PROVIDED MATERIAL ▸

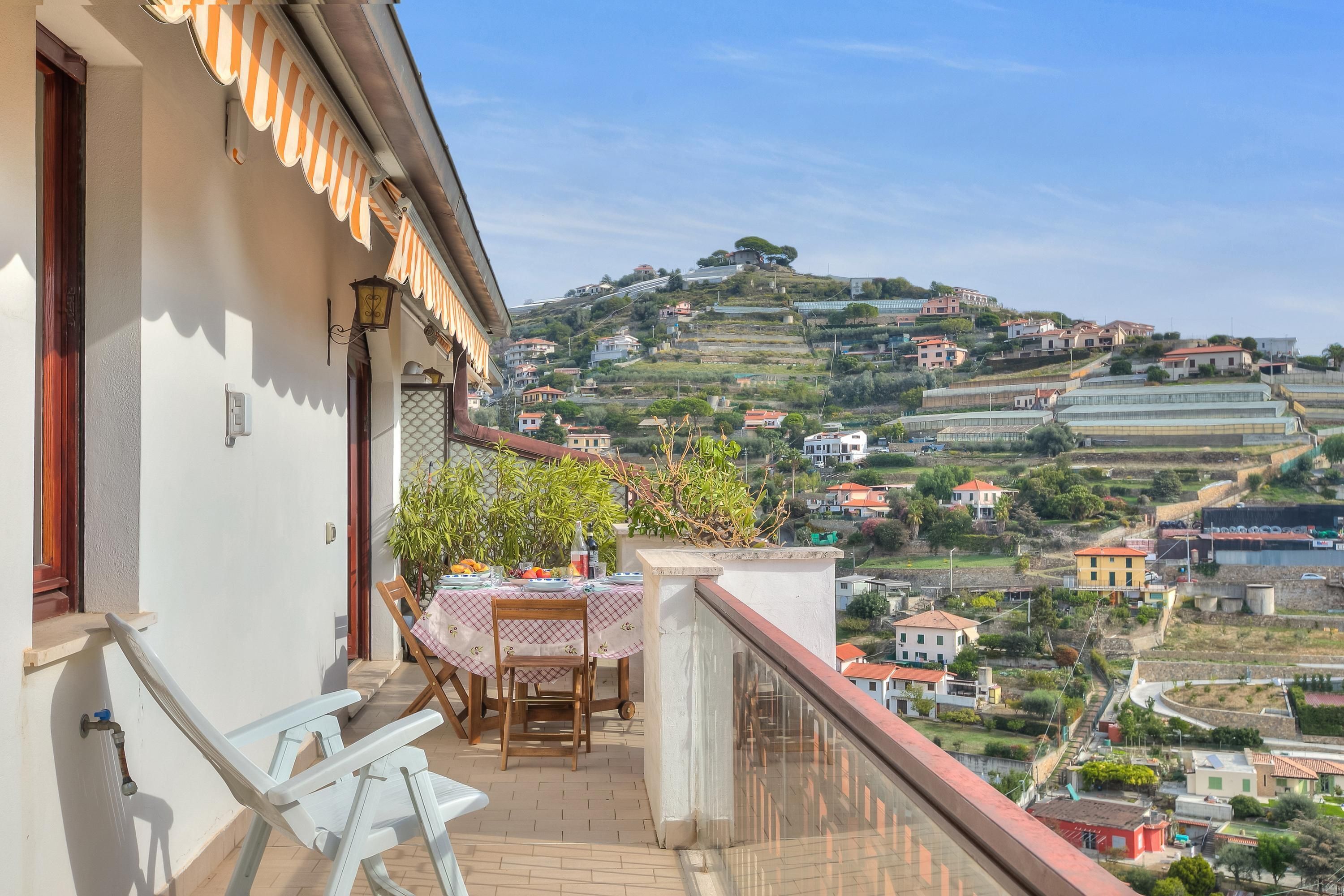 A balcony with a table set for dining, overlooking a hillside with houses.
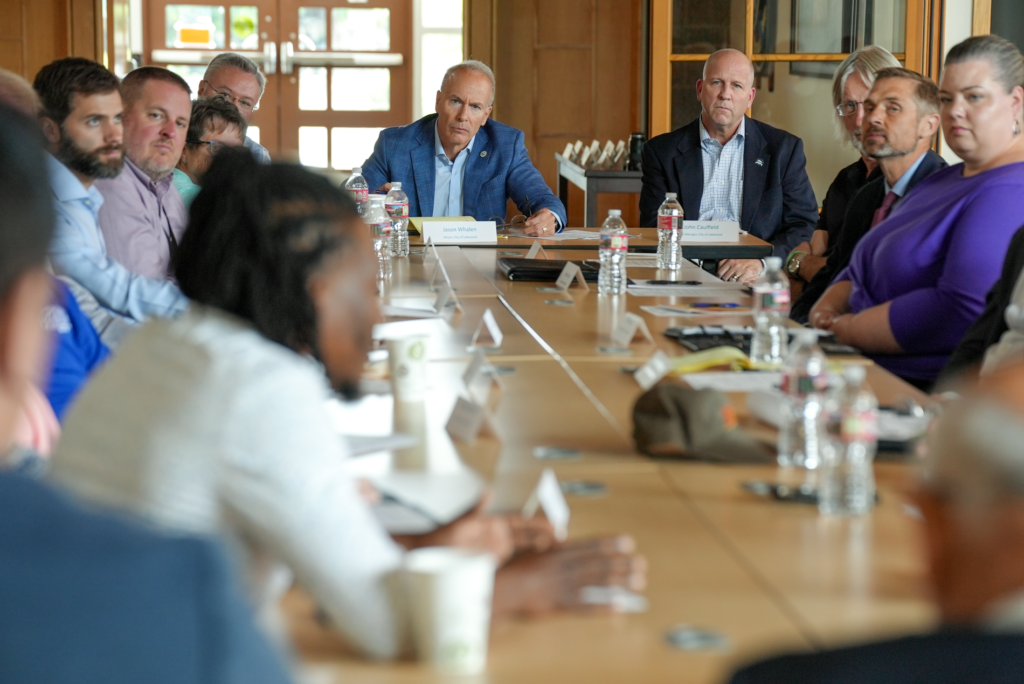 Mayor Jason Whalen and City Manager John Caulfield sit at the head of a table filled by Mayors and City Administrators from across Pierce County.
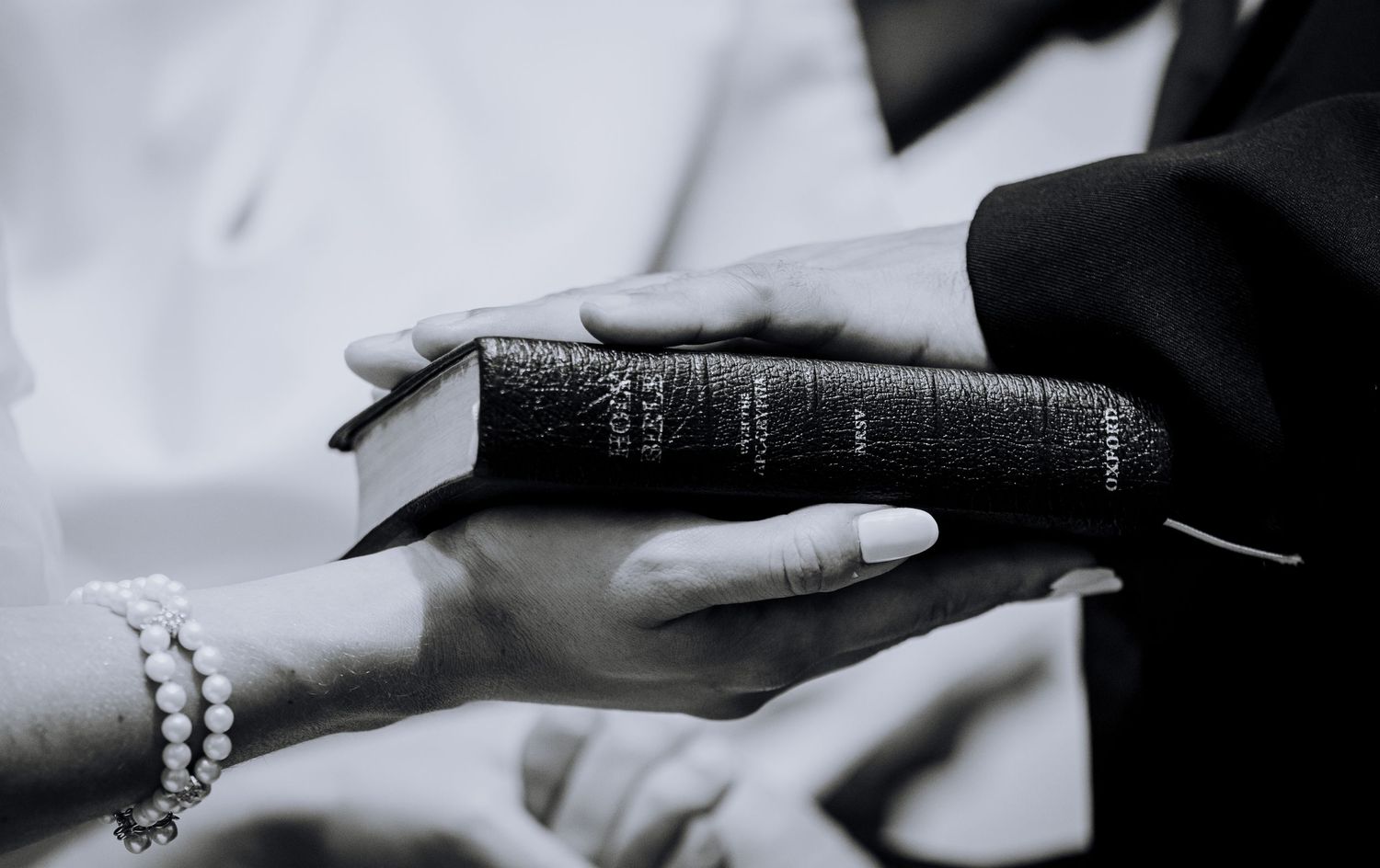 Close-up black and white photo of hands holding a Holy Bible, with a pearl bracelet visible.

EXERCISE AIM ▸ Set down the material above as is, without any pictures.

SOLUTION ▸
 A balcony with a table set for dining, overlooking a hillside with houses.
 Mayor Jason Whalen and City Manager John Caulfield sit at the head of a table filled by Mayors and City Administrators from across Pierce County.
 Close-up black and white photo of hands holding a Holy Bible, with a pearl bracelet visible.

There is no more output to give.